Óculos e lentes de contato ainda são tabu no futebol

Vítimas de preconceito e preocupados com desvalorização no mercado, jogadores de futebol escondem deficiências visuais

GONÇALO JUNIOR, O ESTADO DE S. PAULO

04 de agosto de 2013 | 08h00

SÃO PAULO - Alex tem dificuldades para enxergar de longe e vê tudo meio embaçado. À noite, tudo fica ainda pior. Para corrigir o astigmatismo e a miopia de 1.75, o meia admite que joga com lentes de contato desde 2002 e, com elas, fez sucesso por onde passou, tem 406 gols na carreira e lidera o Coritiba, surpresa do Campeonato Brasileiro. Imagine se Alex não fosse míope...

A palavra “admite” não pode passar despercebida no parágrafo anterior. Embora os problemas de visão sejam comuns em jogadores de futebol, poucos reconhecem o uso de lentes. Óculos? Nem pensar. Alex é uma raridade por abordar o tema. “Sei de histórias de treinadores que proibiram jogadores de usar óculos dizendo que não ficava bem”, diz o craque de 35 anos.

Um goleiro experiente, que identificou sua miopia tardiamente, apenas em 2010, e hoje usa lentes de contato, driblou a reportagem do Estado. “Se eu admitir um problema desse, vou ter de encerrar minha carreira.”  O médico e comentarista Osmar de Oliveira acredita que essa é uma situação comum. “Se um dirigente souber que um atleta tem uma deficiência visual, dificilmente vai contratá-lo.”

Por causa dessa eventual desvalorização, jogadores escondem a deficiência visual. “Os jogadores precisam mostrar uma imagem de perfeição. Quanto mais perfeito, maior a valorização”, define o oftalmologista Celso Gonçalves, que examina jogadores com frequência. As limitações atingem cerca de 8% dos atletas, uma minoria que se esconde atrás das lentes. “Acho uma besteira o jogador esconder o problema. A medicina está avançada e isso pode ser corrigido facilmente”, diz Alex.

Kaká também joga no time dos míopes que saíram do armário. Desde a época do São Paulo, não escondia os óculos que corrigem dois graus de miopia. Hoje, usa lentes de contato. Comum. O Brasil tem 12 milhões de pessoas que usam alguma forma de correção visual e, desse universo, só dois milhões usam lentes de contato.

Esse cenário traz oportunidades de negócios para as empresas. Atenta, a Johnson&Johnson Vision Care reuniu especialistas e promoveu um seminário em São Paulo para discutir o tema “Visão e desempenho esportivo”. “Se levarmos em conta que cerca de 50% dos que usam óculos têm interesse em experimentar lentes de contato, existe uma grande oportunidade de expansão”, diz o gerente de marketing, Caio Vicentini. 

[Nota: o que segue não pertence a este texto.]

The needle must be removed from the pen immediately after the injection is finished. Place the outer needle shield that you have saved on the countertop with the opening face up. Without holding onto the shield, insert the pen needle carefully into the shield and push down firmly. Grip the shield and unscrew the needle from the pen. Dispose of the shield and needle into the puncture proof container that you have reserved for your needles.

Só os grandes clubes brasileiros realizam exames oftalmológicos nos atletas. Aí, o problema não é o preconceito, mas a falta de informação. “Também falta valorizar mais o atleta”, critica Celso. O quadro mostra que uma norma publicada pela Fifa em 2010 recomendando o exame não saiu da gaveta.

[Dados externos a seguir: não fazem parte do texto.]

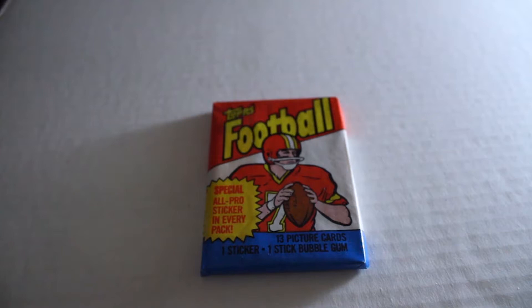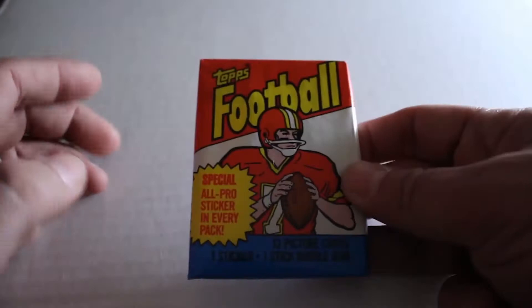Hello again everybody, this is Dave from Fox News and Exclusive Collectors, back for another pack break. Today we're going to be opening a vintage pack of 1983 Topps Football. We've got one pack here, and when we get more packs we're going to add them to this video. So we're going to see what they look like and see what we can get out of them — hope you enjoy.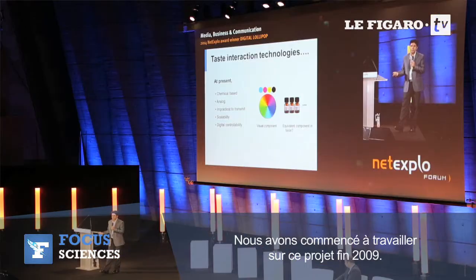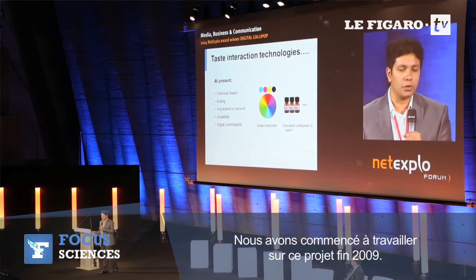We started this project at the end of 2009. We gradually built different prototypes, tested them with people, and gathered feedback. At the moment we have the core technology, and we are now working on product-level development to see what kinds of products we can bring to market and how to make the technology less visible to users.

O Santos é uma das exceções. Desde 2008, os atletas passam por uma bateria completa de exames. “O objetivo é verificar se existe alteração ou doença que possa interferir na performance do atleta”, explica o médico do clube, Rodrigo Zogaib. 

Por causa da negligência dos clubes, José Antonio Westphalen, oftalmologista do Atlético-PR, outro clube pioneiro na área, coletou casos interessantes. Um meia habilidoso, que passou pela equipe paranaense, tem visão monocular, ou seja, só enxerga com um olho. É congênito, não tem cura. Para não perder o talento, o treinador mudou a tática e pediu que um lateral se aproximasse, fazendo um escudo, protegendo seu lado cego. Deu certo.  O nome desse jogador – e também do goleiro – foram preservados por ética médica. Nesses casos, que envolvem preconceito, os oftalmologistas dizem que o milagre vale mais do que o nome do santo.